WHAT YOU NEED TO DO: Under this line are the records; write out word for word the part that begins at the line containing "My little pony" and ends at the line containing "Handbook of Chemical", and no more.

ENTRIES SUPPLIED:
────────────────

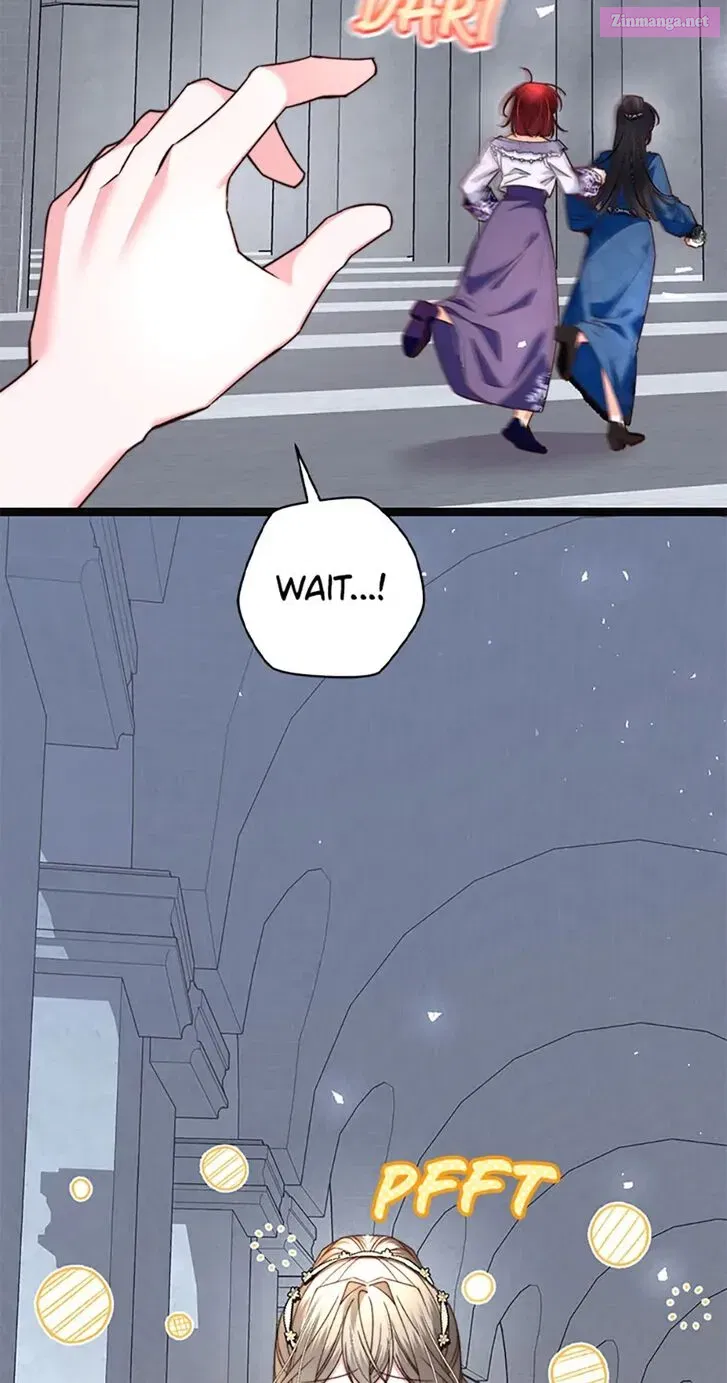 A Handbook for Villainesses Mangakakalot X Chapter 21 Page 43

────────────────

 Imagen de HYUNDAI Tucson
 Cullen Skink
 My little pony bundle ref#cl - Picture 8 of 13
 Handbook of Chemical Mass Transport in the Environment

────────────────

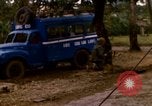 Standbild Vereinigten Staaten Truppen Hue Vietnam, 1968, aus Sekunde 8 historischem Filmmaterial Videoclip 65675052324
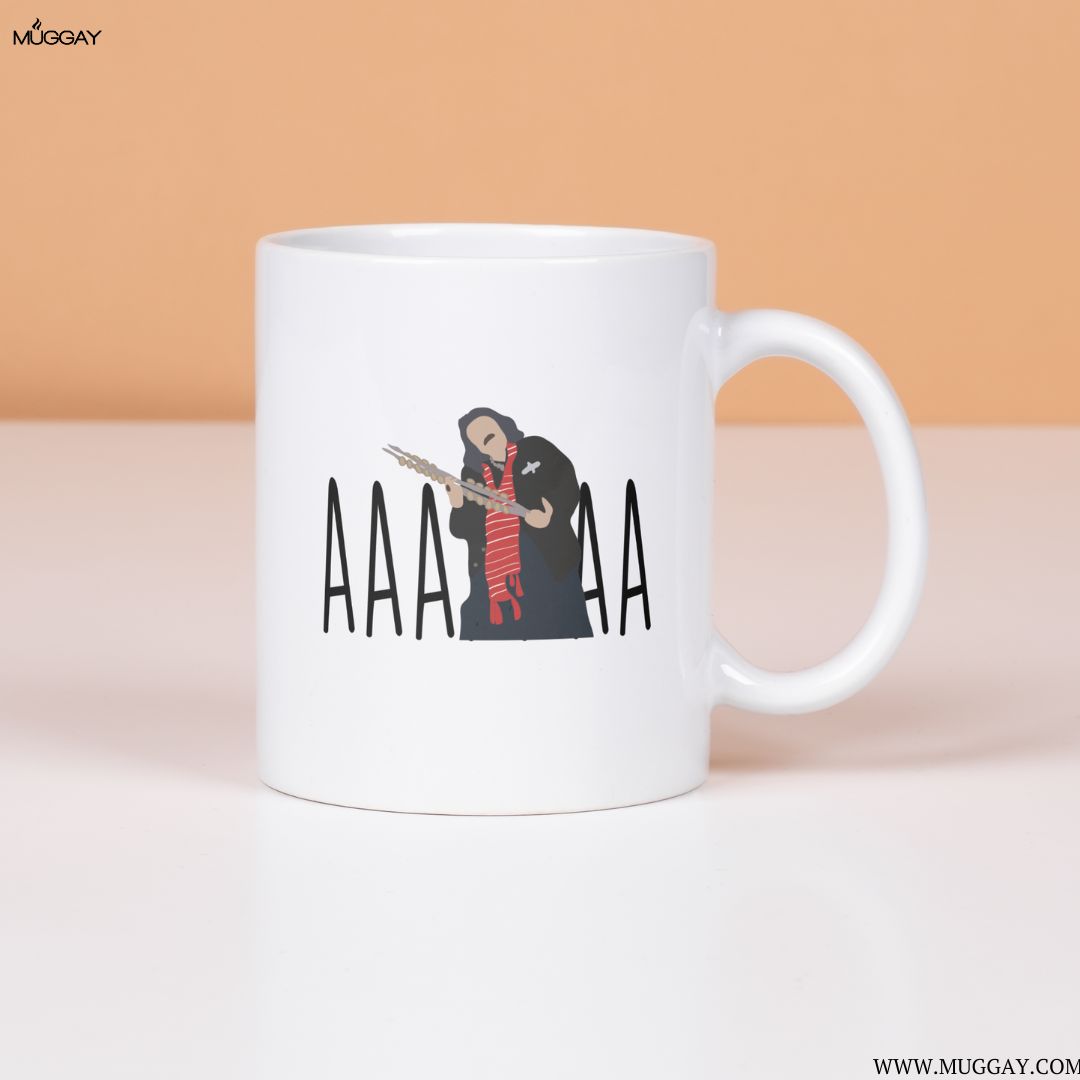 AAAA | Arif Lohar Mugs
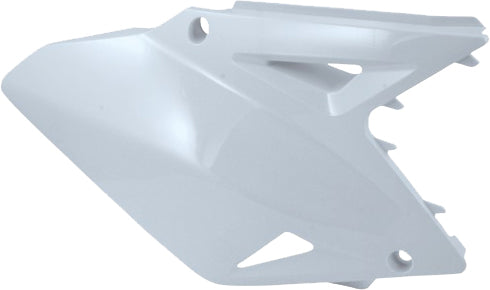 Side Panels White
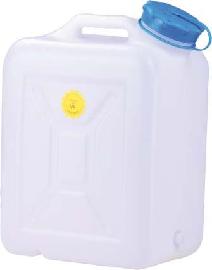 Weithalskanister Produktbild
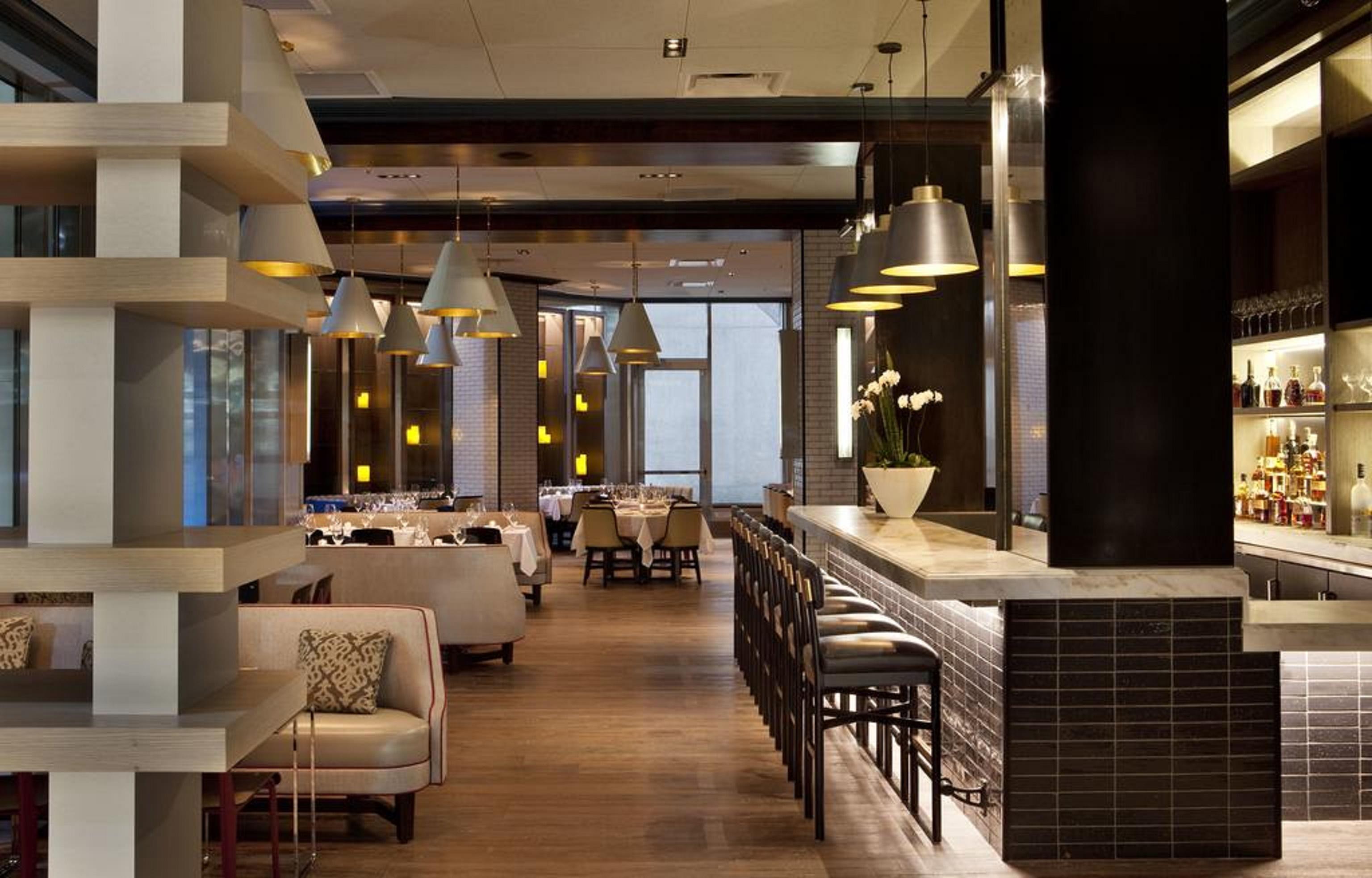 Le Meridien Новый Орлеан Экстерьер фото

────────────────

SOLVED EXERCISE:
 My little pony bundle ref#cl - Picture 8 of 13
 Handbook of Chemical Mass Transport in the Environment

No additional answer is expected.